Nikto specialises in web servers: it looks for dangerous files, outdated software, and misconfigurations.

$ sudo apt install nikto $ nikto -h http://192.168.56.101 # -h = host. Nikto reports outdated components, risky files, missing headers.

Tool 3 — OpenVAS / Greenbone (full scanner)

OpenVAS (now the Greenbone Vulnerability Manager) is a heavyweight scanner that checks tens of thousands of tests and produces a graded report — the kind of tool used across a whole company.

$ sudo apt install openvas && sudo gvm-setup # install & set up (takes a while) $ sudo gvm-start # start it, then use the web UI at https://127.0.0.1:9392

You then create a “task” pointing at your lab target and read the graded report — each finding comes with a CVSS score and a fix.

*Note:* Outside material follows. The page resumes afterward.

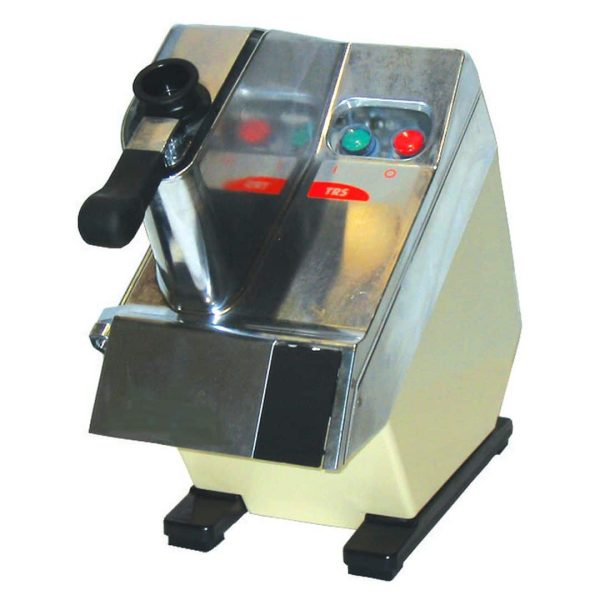 Овощерезка Electrolux TRS_CLASSIQUE 600247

Try It Yourself (practice terminal)

Try: nmap --script=vuln 192.168.56.101 or nikto -h http://192.168.56.101.

kali@lab: ~
Assessment practice (simulated lab target). Try a command below.
kali@lab:~$
Practical Exercise 7.1 — Build a mini vulnerability report
  1. Version-scan your lab target and save it:
    $ sudo nmap -sV 192.168.56.101 -oN versions.txt
  2. Pick two old versions from the output. Search each on nvd.nist.gov and note the top CVE and its CVSS score.
  3. Run a focused NSE vuln check and Nikto:
    $ nmap --script=vuln 192.168.56.101 -oN nse-vuln.txt $ nikto -h http://192.168.56.101 -o nikto.txt
  4. Write a 5-row table: Service · Version · CVE · CVSS · Fix.
    Result: a professional-style finding report. “Fix” is usually “update to the latest version” or “disable the service.” This artefact is exactly what an assessor hands a client.
Quick check: A finding has a CVSS score of 9.4. What should you do?
Ignore it — scores over 9 are usually false alarms
Treat it as critical and patch it as a top priority
Wait for next year's audit
Lower the score yourself
9.0–10.0 is Critical — the highest priority to fix.
Why does this matter for your career? Vulnerability management is a whole job family. Analysts run scans, triage by CVSS, and drive patching; it's the backbone of frameworks like ISO 27001 and every serious security programme. Reading CVEs and CVSS is core Security+ and CEH material.

Key takeaways

  • Vulnerability (weakness) vs threat (attacker) vs risk (likelihood × impact).
  • CVE = an ID for a known flaw; CVSS = its 0–10 severity score.
  • Tools: Nmap NSE (--script=vuln), Nikto (web), OpenVAS (full scanner).
  • Turn version numbers into CVEs into a prioritised fix list — that list is the deliverable.